We ended up all the way back in October of 1984, when I made my decision to leave my home in Massachusetts and go to Florida State University — where I would eventually meet Patti Ann Masters. He asked me, “Why Florida State?” I told him I had wanted to be a meteorologist since I was 10 years old, and that in my Junior year of high school my sister used her connections to get me a whole afternoon and evening with the chief meteorologist at WBZ TV in Boston, Bruce Schwoegler.

I was starstruck. I had for years watched him every night on the evening news, and would even record his forecasts on VHS tapes to watch them over and over, learning everything I could. He was so generous with his time and attention that day. I remember vividly discussing “mesoscale convective complexes” and the Blizzard of ’78 with him. What a thrill!

At the end of my day of shadowing, after he’d finished the 6 PM newscast, he said: “So, let’s get to the million-dollar question. Where to go to college. Florida State and UCLA are the best for this. But I would say FSU’s Meteorology department has an edge with Dr. Jim O’Brien there.” Dr. O’Brien had played a key role in the discovery of the El Nino.

And so it happened. I applied to FSU and was accepted.

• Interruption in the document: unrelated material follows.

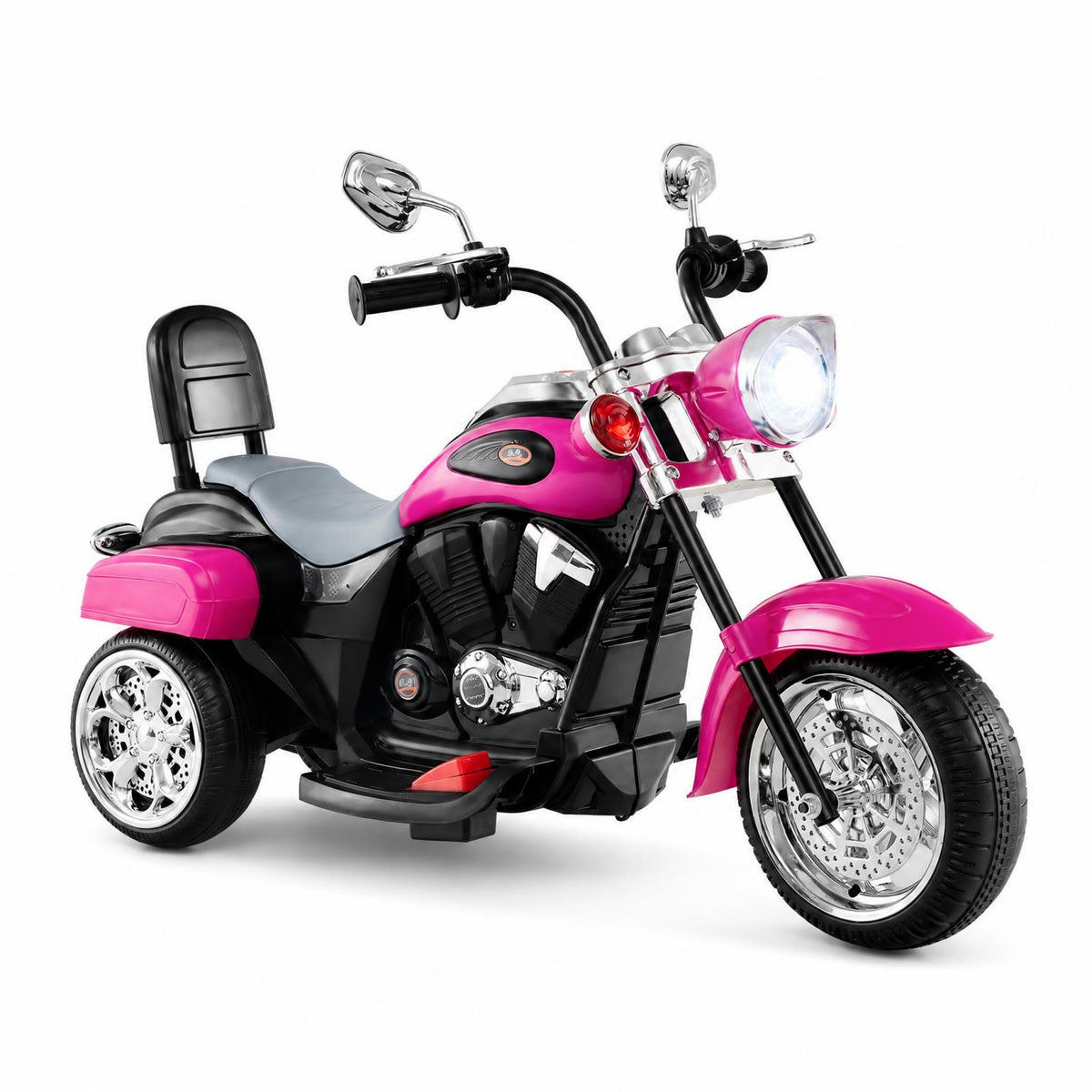 ELLEGNT Kids 6V 3-Wheel Electric Motorcycle Ride On Toy with Headlight and Horn Ages 3+, Rose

At FSU I would dive deep into the fun life, and then meet Chris Wade, a fellow student, weight-lifting partner and Evangelical Christian who eventually led me to a life-altering encounter with Christ in my dorm room one evening. That evening reshaped the whole course of my life, especially by leading me back to church, and across the street to St. Thomas More Co-Cathedral where I would meet Patti after Mass one November Sunday in 1988. Those two events define everything I have become.

At this point in my retelling the story, my friend offered some perspectives I would like to share here. He said something to this effect:

Think about it! Do you think Bruce had any idea how many lives he forever changed by his off-handed comment that day? It was probably a piece of advice he’d given to dozens of other weather aspirants. And yet, imagine this: his advice that evening ultimately opened the door to your encounter with Jesus, discerning a vocation, meeting your future wife, having your children, establishing lifelong friendships, beginning a new career in the church — think of the effects. Count them and they’d be endless, right?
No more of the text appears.